Une nation entre guillemets

En ce 24 juin, je me penche sur l’état de notre Fête nationale — miroir d’un peuple en veille, d’un projet d’émancipation en dérive. Entre l’anglicisation du quotidien, la dilution culturelle à Montréal et la déconnexion des jeunes générations, ce texte interroge : que reste-t-il de notre volonté de devenir un pays ? Un cri du cœur lucide, mais habité d’un espoir actif.

Chronique d’un Québec en suspens, entre mémoire et effacement

En ce 24 juin 2025, je me réveille encore une fois dans ce Québec qui m’est si cher. Pourtant, mon entrain à célébrer la Fête nationale s’effrite doucement d’année en année. Autrefois, j’attendais cette journée avec impatience, porté par l’espoir collectif, l’énergie contagieuse des foules et la promesse d’un avenir à bâtir ensemble. Aujourd’hui, une étrange lassitude me gagne.
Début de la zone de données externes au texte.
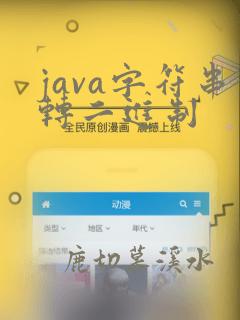 java字符串转二进制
Ce sentiment est moins un reniement qu’une profonde désillusion. Notre projet national, autrefois vibrant et rassembleur, semble désormais s’être dissout dans l’air du temps, fragmenté par les divisions internes, la polarisation politique et l’usure d’une société tiraillée entre modernité et tradition. On célèbre encore, certes, mais la flamme semble plus fragile, presque vacillante. Nos municipalités ne savent plus quelle mise en garde et interdiction inventer afin de protéger les citoyens contre les risques les plus insignifiants qui les guettent lors des festivités. La fête est devenue un exercice de contrôle plutôt qu’un moment de liberté populaire. Dave Lavoie le résumait crûment dans Facebook : autrefois 250 000 personnes célébraient sur les Plaines d’Abraham jusqu’au lever du jour. Aujourd’hui, le périmètre « festif » est surtout celui des interdictions absurdes : pas d’eau, pas d’alcool, pas de chaises, pas de drapeaux, pas d’instruments de musique, pas de bouffe, pas de vélos… pas de plaisir. Une fête nationale aseptisée, sans âme, plus plate encore que le jour du Canada.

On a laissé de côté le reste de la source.